Short web captions

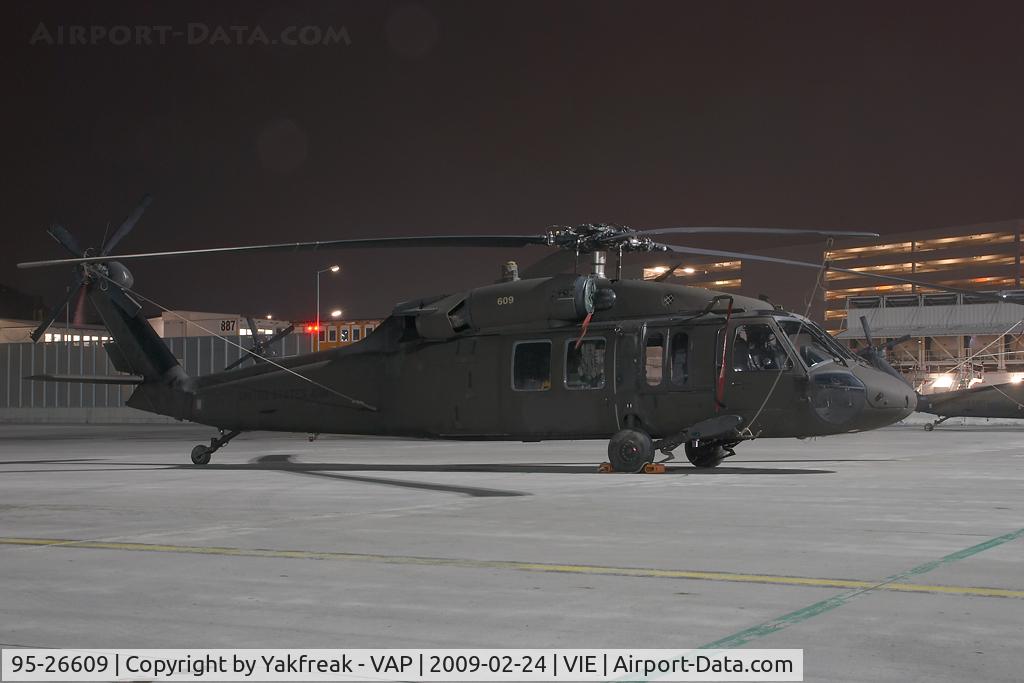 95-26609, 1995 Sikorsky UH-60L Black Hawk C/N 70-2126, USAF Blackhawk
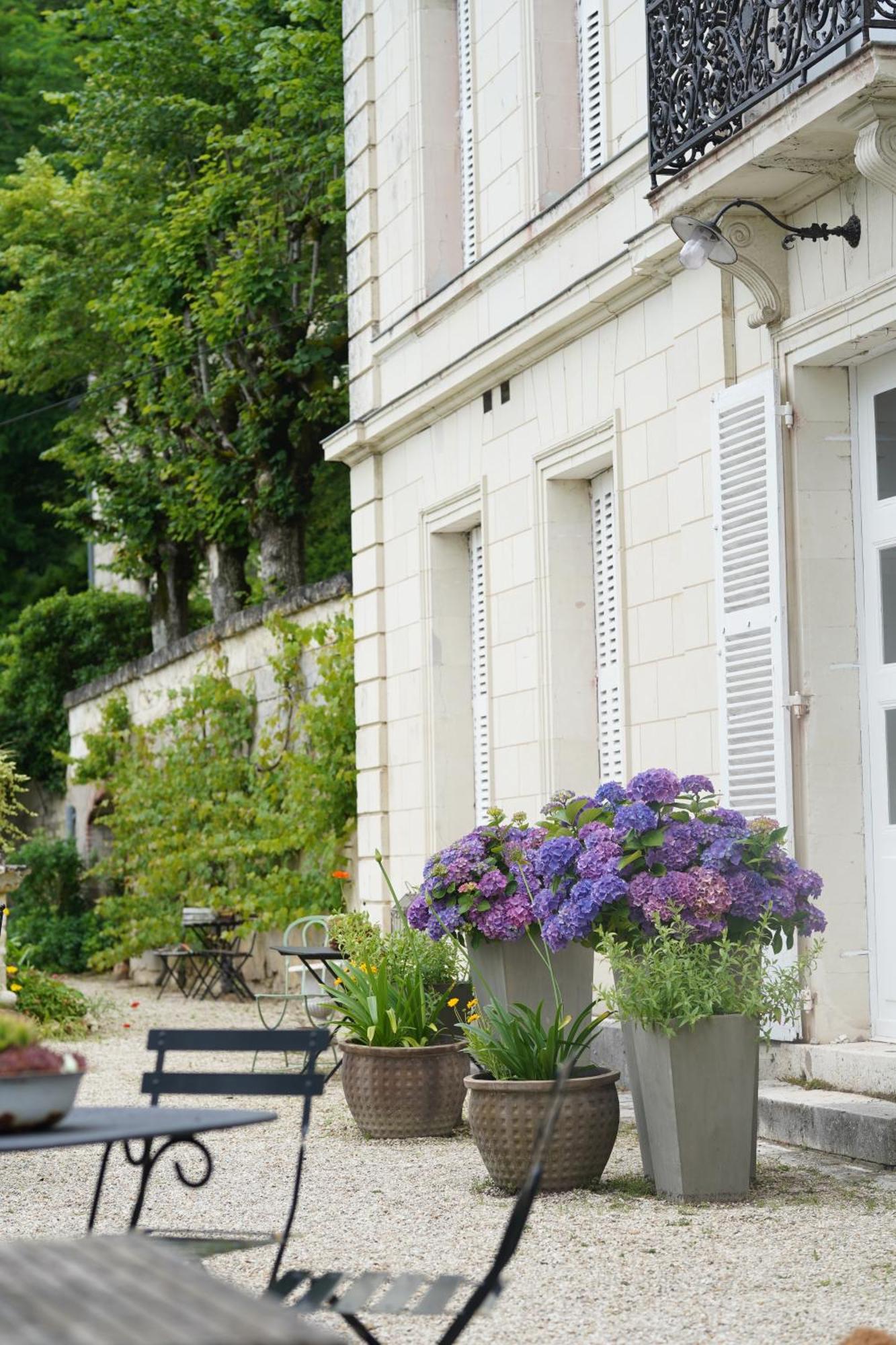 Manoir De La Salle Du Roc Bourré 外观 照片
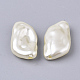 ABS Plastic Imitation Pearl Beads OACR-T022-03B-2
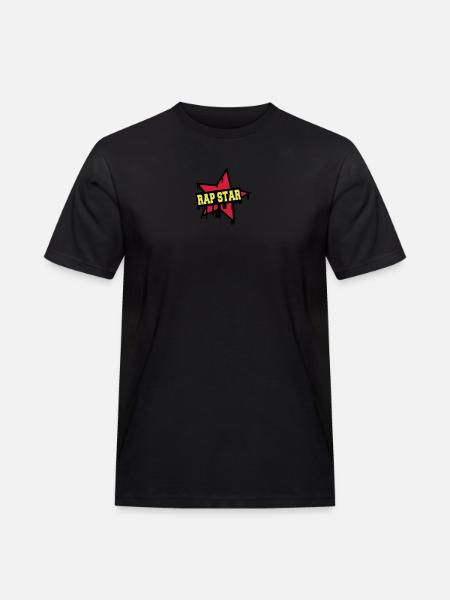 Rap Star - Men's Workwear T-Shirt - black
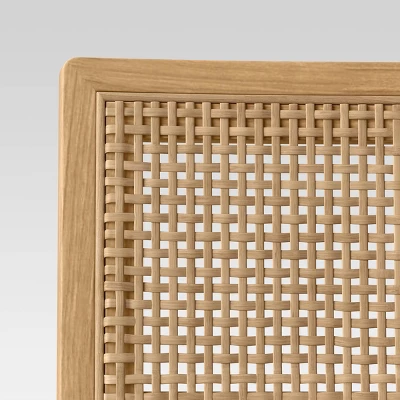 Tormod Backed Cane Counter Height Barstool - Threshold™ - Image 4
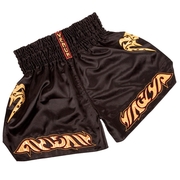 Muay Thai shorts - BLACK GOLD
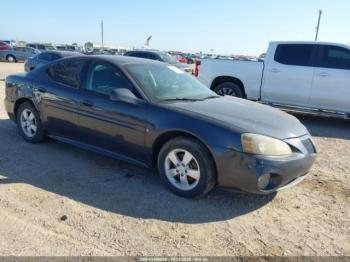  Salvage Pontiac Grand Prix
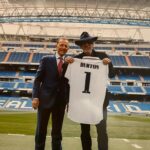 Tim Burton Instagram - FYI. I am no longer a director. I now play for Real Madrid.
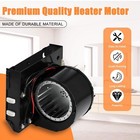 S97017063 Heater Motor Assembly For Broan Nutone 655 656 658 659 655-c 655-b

## To do
Omit the pictures and retype exactly the lines from the one containing "ABS Plastic Imitation" through the end of the entries above.

## Answer section
 ABS Plastic Imitation Pearl Beads OACR-T022-03B-2
 Rap Star - Men's Workwear T-Shirt - black
 Tormod Backed Cane Counter Height Barstool - Threshold™ - Image 4
 Muay Thai shorts - BLACK GOLD
  Salvage Pontiac Grand Prix
 Tim Burton Instagram - FYI. I am no longer a director. I now play for Real Madrid.
 S97017063 Heater Motor Assembly For Broan Nutone 655 656 658 659 655-c 655-b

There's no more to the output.